Crawled caption data:
——————————
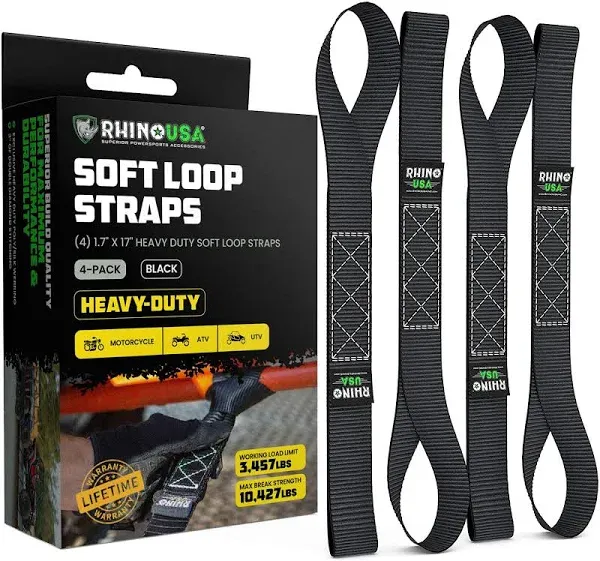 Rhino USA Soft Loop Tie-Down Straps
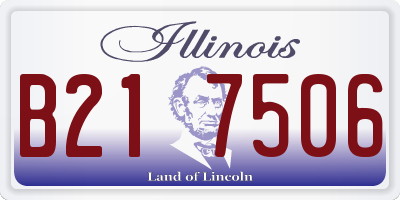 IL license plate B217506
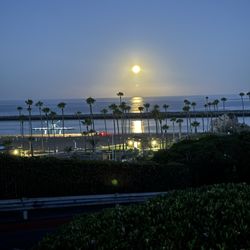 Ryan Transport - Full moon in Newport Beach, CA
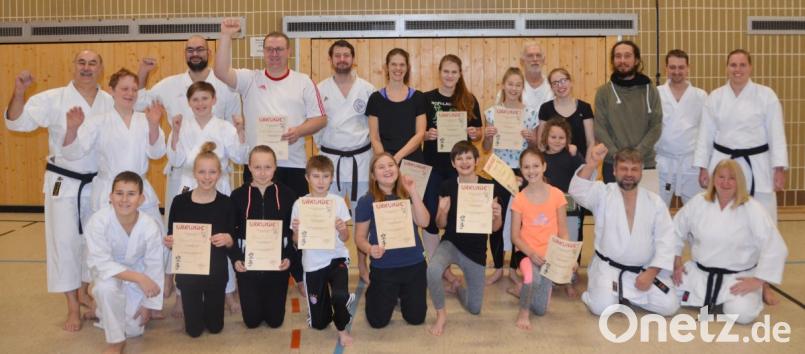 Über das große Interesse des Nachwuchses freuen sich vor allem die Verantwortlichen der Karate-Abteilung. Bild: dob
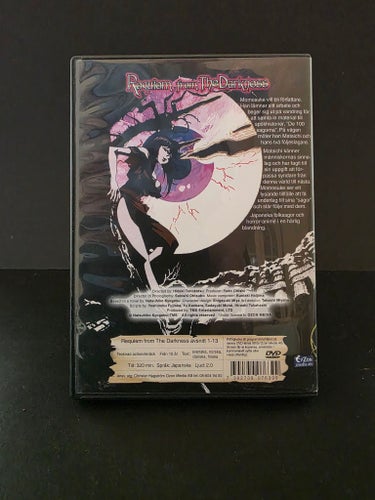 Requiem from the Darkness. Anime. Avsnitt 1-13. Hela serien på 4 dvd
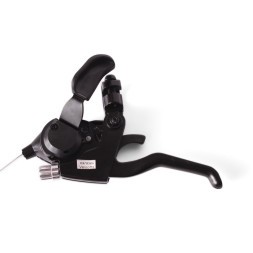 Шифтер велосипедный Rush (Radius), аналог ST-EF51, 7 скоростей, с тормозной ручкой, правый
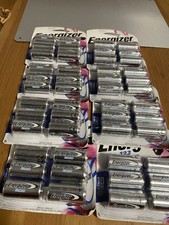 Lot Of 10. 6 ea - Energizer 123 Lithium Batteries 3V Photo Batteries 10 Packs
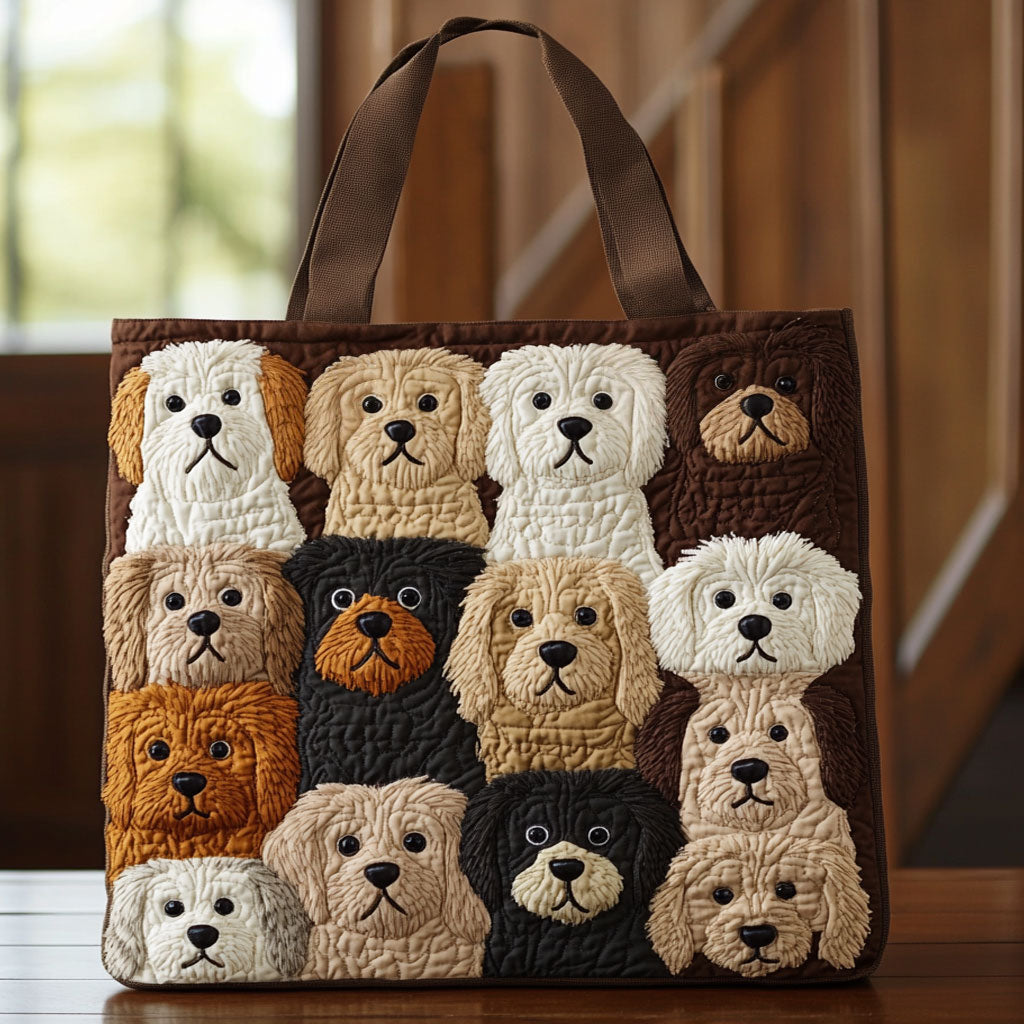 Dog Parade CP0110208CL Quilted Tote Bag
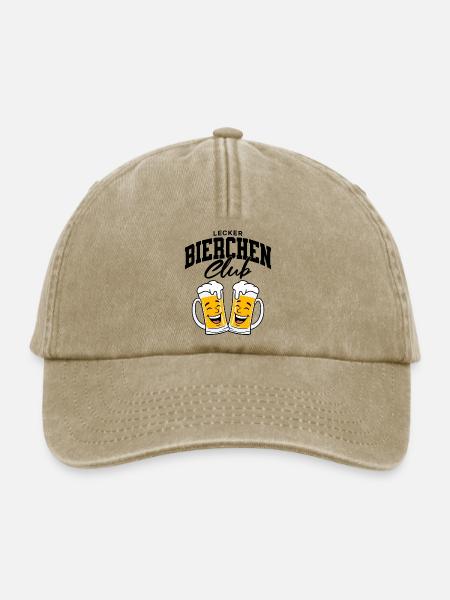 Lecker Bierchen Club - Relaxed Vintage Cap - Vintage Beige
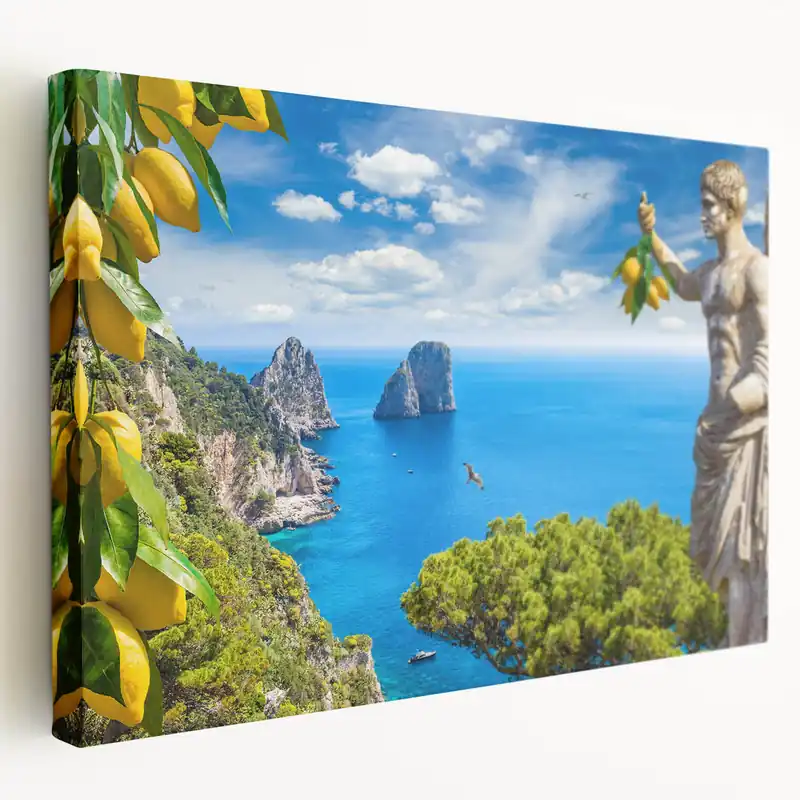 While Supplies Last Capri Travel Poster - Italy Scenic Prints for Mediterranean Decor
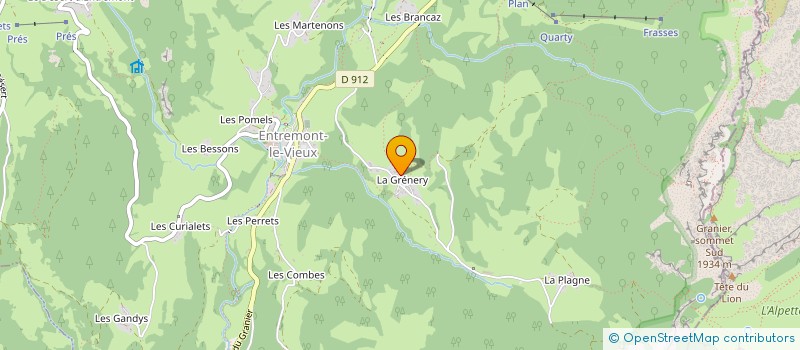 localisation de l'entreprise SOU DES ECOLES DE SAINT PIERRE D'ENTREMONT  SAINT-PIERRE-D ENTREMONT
——————————
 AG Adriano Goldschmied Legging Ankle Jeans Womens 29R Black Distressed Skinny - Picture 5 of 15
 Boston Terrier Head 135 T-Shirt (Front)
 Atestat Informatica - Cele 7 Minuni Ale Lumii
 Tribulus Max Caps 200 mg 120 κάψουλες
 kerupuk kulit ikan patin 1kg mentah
——————————
◆ **Task item**
From the entries above, copy exactly the lines starting at the one with "Dog Parade CP0110208CL Quilted Tote Bag" and stopping at the one with "localisation de l'entreprise", keeping both ends. Drop the pictures.

◆ **Problem solution**
 Dog Parade CP0110208CL Quilted Tote Bag
 Lecker Bierchen Club - Relaxed Vintage Cap - Vintage Beige
 While Supplies Last Capri Travel Poster - Italy Scenic Prints for Mediterranean Decor
 localisation de l'entreprise SOU DES ECOLES DE SAINT PIERRE D'ENTREMONT  SAINT-PIERRE-D ENTREMONT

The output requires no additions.